Technical Forex Figures

Technical Forex Figures

Engulfing Bar Candlestick Pattern

In this strategy, we are going to be looking at the use of candlesticks as a means of determining price action and potentially identifying reversals. This strategy is highly useful when you are looking to track entry and exit points. Generally speaking, you are tracking price action over a given period of time in such a way that you are looking to determine where the price of a currency pairing will change trend.

There are two types of patterns, a bullish and bearish trend. 

The bullish trend refers to price action that is going up. Therefore, you can expect the reversal to indicate a trend back downward. On the whole, you are looking to track the trendline as it hits the highest point of the resistance level. When this happens, the trend would be expected to revert down to mean.

The bearish trend refers to price action that is going down. As such, you expect the reversal to indicate price action moving back up. In general terms, you are looking to identify the exact point in which the trendline hits the lowest point of the resistance level and then changes course. 

In both of these approaches, the candlesticks track the trendline indicate when the actual reversal has taken place. 

To identify this exact point, track the trendline down to the lowest or highest point. You will notice a very short candlestick. The reversal official occurs when the next candlestick is much larger than the previous one.
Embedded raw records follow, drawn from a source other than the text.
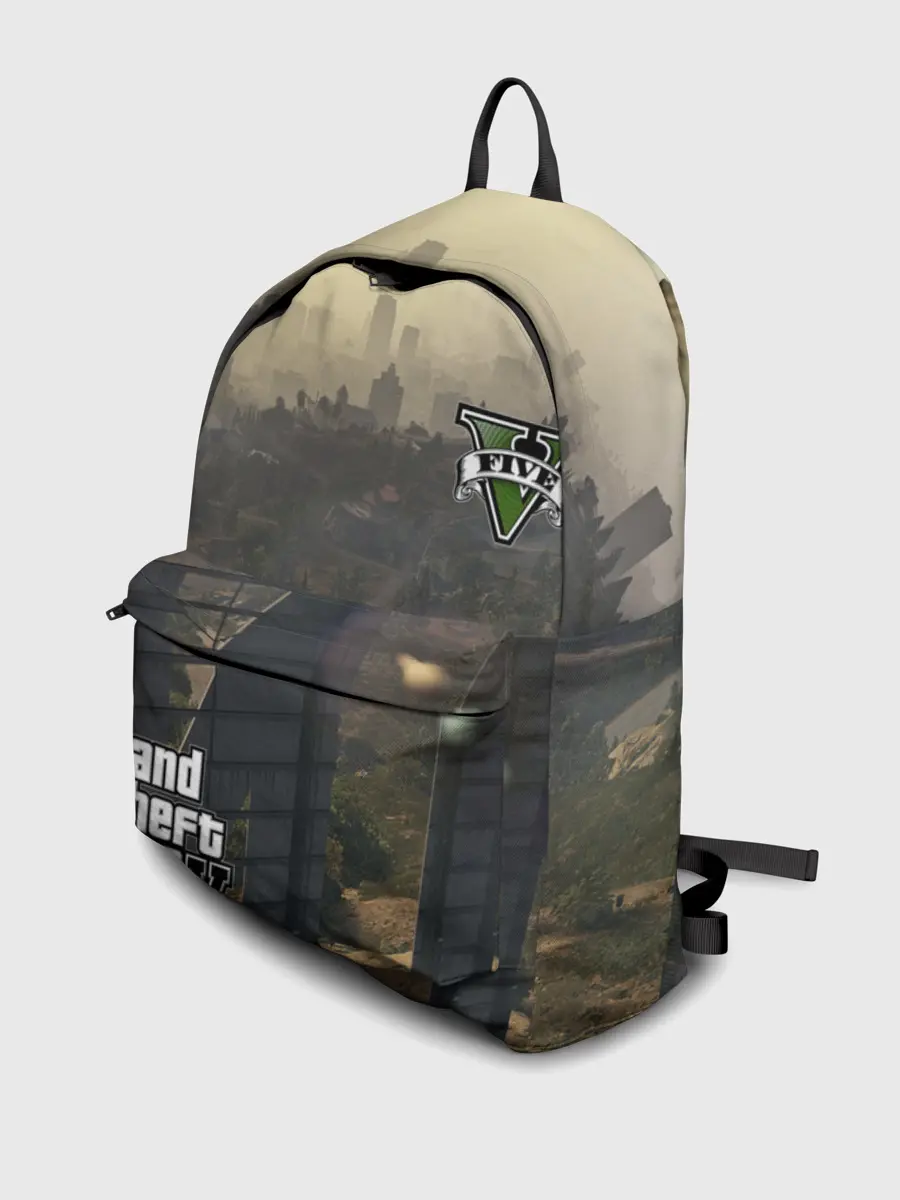 Рюкзак джинсовый / GTA V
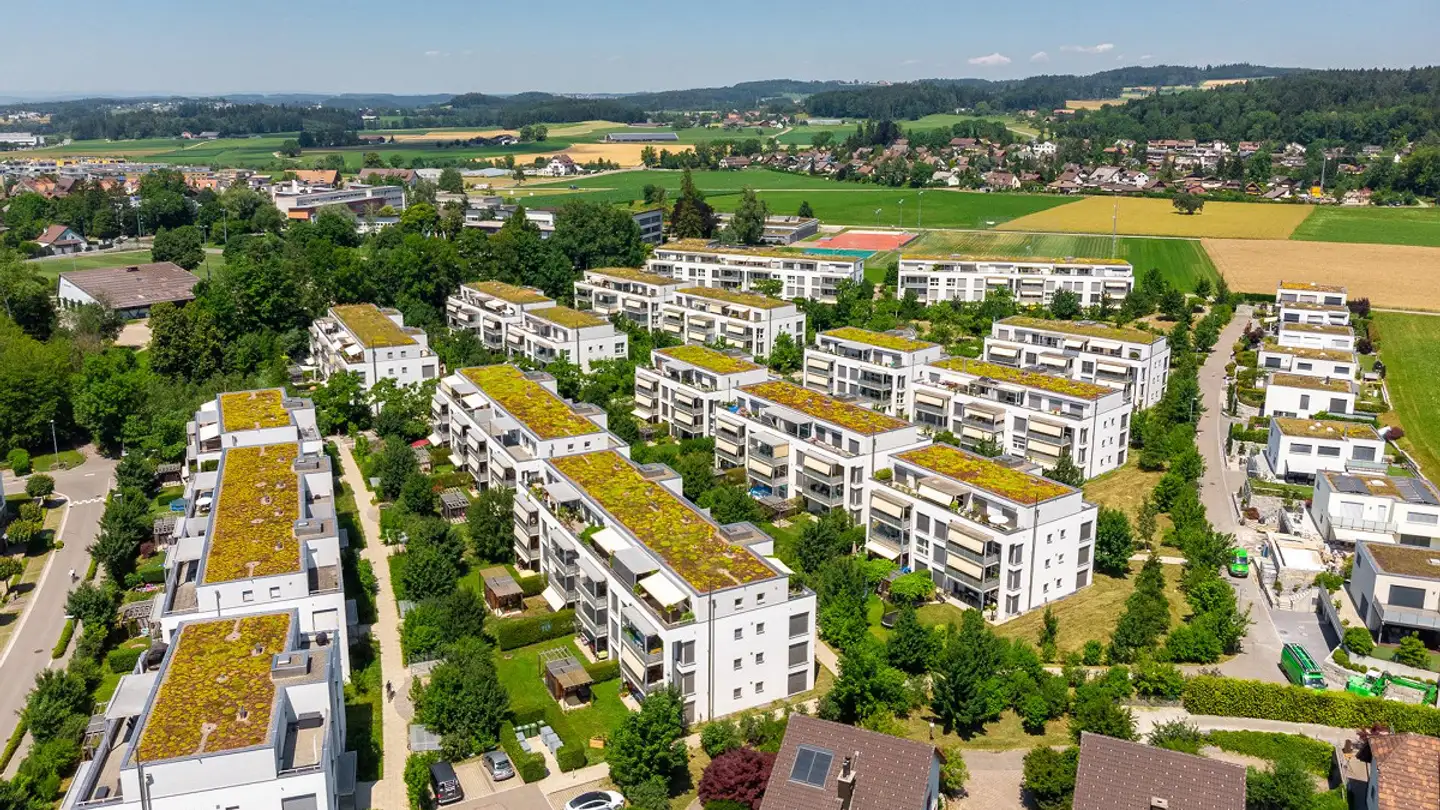 Attique à louer - Grundstrasse 24, 8320 Fehraltorf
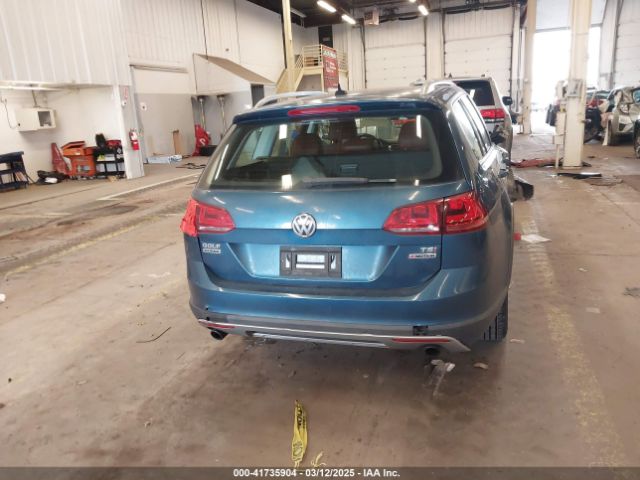 3VWH17AU5HM529525 Volkswagen Golf Alltrack Tsi S/tsi Se/tsi Sel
Thus, the next candlestick “engulfs,” that is, it completely covers the previous one.

Let’s assume a bearish pattern. In this case, you have the trendline moving downward. If you have been tracking the price action for any length of time, you may have an expectation of where the support level would be. As you observe the trendline moving toward the support level, you will find that the candlesticks are progressively getting shorter and shorter. Then, you will find a very short candlestick followed by a large one immediately following it. This is the reversal. This is the engulfing candlestick. This could serve as an entry point for a trade. 
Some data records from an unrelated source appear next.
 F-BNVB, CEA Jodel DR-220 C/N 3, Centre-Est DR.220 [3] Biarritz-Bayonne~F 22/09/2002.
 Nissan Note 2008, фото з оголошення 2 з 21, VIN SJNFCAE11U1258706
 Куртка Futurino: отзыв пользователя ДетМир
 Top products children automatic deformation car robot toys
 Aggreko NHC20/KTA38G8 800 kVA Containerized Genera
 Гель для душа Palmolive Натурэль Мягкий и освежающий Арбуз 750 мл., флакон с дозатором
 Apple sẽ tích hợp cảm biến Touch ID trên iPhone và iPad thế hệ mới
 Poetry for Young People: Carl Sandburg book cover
Now, let’s assume a bullish pattern. In this situation, you are tracking the highest point in the trend. Thus, you are essentially looking to track an exit point. As the trendline approaches its highest point, that is the resistance level. You will notice every candlestick getting shorter and shorter. Eventually, the shortest candlestick will be followed immediately after by a much longer candlestick that engulfs the previous one. This is the official mark of reversal and should be your exit point. Ideally, you should exit the trade at the point of the shortest candlestick. This is the highest possible point you could achieve before your profit begins to dwindle. Of course, it’s virtually impossible to track the exact point of reversal, but anything close to that point would serve well to maximize your profits.

Please note that most trading platforms use red-colored candlesticks to indicate a bearish pattern, while green-colored ones are used to mark a bullish trend. This color-coded system is very useful in helping you figure out how to spot reversals in trend.

Risk Management With Price Action

Risk management is an integral part of any kind of investing. When you follow tried and true risk management practices, you are able to hedge yourself from making mistakes that could wipe out your investment capital.

So, let’s take a look at some risk management guidelines which you can implement when you are using Price Action as your main FOREX investment strategy.

  1. Beware of volatility

Volatility is the biggest enemy of the Price Action strategy. When you are using Price Action as your main investment strategy, it’s important to keep in mind a high degree of volatility can lead to unusual shifts in Price Action. Since prices always tend to revert to mean, you can reasonably assume this will happen eventually. However, when there is a high degree of volatility, prices may return to mean faster or longer than anticipated. As a result, you need to keep your eye on this indicator even though it is not necessary to do so.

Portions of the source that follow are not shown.